Wild Horses and Wild Parties

By Pappy Clay - January 28th, 1969

This is the story of the wild horses and the wild parties of the Golden Spike Era of old Promontory Station.

During the sixteenth, seventeenth, and eighteenth centuries as the white man explored a new continent, he brought European horses to the New World to aid him in it's exploration and some of these horses inevitably got away and foraged for themselves and became smaller wilder generation after generation, living on wild prairie legume. On the hills of the Promontory Range, mixed with sagebrush, was much wild mountain brush-grass, which is a nutritious legume.

Long before the days of the "wedding of the rails", small bands of such wild horses were already ranging on the Promontory peninsula even before the Mormon trek of 1847, so that some of these wild horses could sometimes be seen from the Central Pacific coach windows between the years 1869 and 1899 and between the station of Monument on the west and up over the Promontory divide then down to Blue Creek Water Tank on the east. Such wild horses are called Mustangs. There was, and is an occasional water hole in the hills to which the mustangs came daily, or nightly, to drink water and two such places near Promontory Station were Cedar Springs and Big-house spring. Therefore, Promontory Summit was considered by the families and associates of Central Pacific's Big Four (Huntington, Stanford, Hopkins, and Crocker) as a likely place for a wild and woolly hideout far from civilization's formalities of San Francisco and Sacramento where a man need not bother to in frock and tie and a lady could let her hair down if she wished to do so.

Besides all this over the Promontory Divide the Central Pacific Railroad Corporation owned every odd section of land for 20 miles on either side of their main line and it was conceived by the Big Four that if these mustangs were so fat and sassy and hard to corral, then this should be a good country to run cattle on.
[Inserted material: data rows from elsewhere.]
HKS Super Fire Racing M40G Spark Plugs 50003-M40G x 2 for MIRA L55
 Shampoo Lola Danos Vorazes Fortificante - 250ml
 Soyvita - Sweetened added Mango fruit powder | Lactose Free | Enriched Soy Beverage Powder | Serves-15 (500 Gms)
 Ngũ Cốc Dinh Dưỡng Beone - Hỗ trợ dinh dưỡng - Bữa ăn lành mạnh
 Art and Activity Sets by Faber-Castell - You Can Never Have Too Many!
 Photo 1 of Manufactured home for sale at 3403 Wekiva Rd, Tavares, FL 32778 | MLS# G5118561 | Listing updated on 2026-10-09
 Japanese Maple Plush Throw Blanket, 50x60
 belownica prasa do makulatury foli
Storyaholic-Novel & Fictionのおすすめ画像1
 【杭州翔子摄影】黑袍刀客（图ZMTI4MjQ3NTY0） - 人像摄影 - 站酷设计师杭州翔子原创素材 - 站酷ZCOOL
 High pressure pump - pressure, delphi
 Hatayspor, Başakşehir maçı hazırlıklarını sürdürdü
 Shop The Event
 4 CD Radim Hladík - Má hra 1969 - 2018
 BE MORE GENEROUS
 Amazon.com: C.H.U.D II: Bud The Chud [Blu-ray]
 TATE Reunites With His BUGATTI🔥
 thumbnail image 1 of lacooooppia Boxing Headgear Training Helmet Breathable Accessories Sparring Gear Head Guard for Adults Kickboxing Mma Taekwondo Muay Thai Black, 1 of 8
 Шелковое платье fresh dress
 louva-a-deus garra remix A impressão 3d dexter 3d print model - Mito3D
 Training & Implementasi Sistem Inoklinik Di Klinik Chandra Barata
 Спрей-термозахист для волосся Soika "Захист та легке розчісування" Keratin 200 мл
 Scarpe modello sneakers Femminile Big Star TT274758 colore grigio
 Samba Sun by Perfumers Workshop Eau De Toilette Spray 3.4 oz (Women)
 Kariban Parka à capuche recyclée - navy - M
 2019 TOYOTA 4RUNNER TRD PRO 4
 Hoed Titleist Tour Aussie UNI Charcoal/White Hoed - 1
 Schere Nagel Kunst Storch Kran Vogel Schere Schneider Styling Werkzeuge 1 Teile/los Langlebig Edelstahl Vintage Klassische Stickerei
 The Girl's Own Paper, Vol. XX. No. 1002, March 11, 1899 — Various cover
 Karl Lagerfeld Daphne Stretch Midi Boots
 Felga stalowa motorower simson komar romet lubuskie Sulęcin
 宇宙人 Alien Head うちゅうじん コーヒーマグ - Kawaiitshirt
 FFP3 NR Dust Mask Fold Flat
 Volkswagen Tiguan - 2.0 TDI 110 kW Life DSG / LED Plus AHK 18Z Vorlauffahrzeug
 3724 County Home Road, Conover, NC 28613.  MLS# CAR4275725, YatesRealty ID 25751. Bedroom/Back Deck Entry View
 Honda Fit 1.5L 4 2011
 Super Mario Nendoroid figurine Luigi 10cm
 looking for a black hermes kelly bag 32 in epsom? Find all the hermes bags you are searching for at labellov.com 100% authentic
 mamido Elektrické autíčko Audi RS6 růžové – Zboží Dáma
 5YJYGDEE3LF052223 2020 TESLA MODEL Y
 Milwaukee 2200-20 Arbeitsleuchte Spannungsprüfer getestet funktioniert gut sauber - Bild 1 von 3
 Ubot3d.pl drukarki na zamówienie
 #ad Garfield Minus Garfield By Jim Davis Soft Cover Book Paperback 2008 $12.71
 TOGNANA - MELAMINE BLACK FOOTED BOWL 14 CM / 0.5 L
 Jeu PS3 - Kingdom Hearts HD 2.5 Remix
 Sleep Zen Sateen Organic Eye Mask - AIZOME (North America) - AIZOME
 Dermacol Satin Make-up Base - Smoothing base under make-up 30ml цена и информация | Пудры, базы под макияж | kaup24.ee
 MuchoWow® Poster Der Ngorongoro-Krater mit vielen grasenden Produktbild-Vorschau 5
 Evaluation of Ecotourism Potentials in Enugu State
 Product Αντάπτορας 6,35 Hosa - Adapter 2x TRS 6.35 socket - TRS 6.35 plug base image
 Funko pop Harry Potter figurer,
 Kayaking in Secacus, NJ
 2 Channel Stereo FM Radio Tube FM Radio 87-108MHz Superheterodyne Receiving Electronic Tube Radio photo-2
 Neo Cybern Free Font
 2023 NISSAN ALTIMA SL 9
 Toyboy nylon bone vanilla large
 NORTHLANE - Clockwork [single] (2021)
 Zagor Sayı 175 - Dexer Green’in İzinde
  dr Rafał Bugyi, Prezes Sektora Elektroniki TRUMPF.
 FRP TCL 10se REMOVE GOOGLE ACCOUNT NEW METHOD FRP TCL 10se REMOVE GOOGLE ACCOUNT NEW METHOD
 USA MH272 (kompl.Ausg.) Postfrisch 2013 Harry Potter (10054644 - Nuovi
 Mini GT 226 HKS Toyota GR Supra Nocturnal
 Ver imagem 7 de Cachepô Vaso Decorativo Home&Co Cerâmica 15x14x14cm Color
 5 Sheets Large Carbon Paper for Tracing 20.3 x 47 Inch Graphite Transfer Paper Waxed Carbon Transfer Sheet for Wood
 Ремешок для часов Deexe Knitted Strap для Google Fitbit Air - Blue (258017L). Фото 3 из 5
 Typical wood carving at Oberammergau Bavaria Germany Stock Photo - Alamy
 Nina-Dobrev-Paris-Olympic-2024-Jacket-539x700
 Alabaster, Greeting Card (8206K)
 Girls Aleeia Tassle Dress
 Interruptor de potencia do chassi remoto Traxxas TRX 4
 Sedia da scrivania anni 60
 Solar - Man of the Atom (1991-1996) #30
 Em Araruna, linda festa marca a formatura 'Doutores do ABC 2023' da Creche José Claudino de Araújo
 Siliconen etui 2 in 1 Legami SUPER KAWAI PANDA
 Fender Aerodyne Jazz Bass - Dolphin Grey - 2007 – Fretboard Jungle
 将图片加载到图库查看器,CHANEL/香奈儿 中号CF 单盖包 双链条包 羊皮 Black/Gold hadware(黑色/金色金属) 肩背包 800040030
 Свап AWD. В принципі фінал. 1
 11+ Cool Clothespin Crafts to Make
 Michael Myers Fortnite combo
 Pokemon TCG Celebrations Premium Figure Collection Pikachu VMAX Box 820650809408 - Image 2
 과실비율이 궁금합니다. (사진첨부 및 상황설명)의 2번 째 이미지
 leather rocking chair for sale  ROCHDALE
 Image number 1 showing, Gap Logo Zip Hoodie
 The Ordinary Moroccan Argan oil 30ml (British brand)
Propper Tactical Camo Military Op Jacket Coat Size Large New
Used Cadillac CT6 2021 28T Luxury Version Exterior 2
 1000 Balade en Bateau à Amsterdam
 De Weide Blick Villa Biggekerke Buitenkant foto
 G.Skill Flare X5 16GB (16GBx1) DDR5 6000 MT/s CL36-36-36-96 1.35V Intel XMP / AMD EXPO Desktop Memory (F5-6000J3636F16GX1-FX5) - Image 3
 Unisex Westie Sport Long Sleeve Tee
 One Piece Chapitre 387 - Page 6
So certain of the Big Four and their in-laws and associates obtained a franchise or purchased from the Central Pacific Railroad Company, thousands of acres of range land on the Promontory Peninsula and the flat lands adjacent thereto and they incorporated a subsidiary corporation called the "Promontory Land and Subsidiary Livestock Company" and, since then as now, ownership of livestock was proven by the way they were branded therefore this corporation became known as "The Bar-Em Outfit".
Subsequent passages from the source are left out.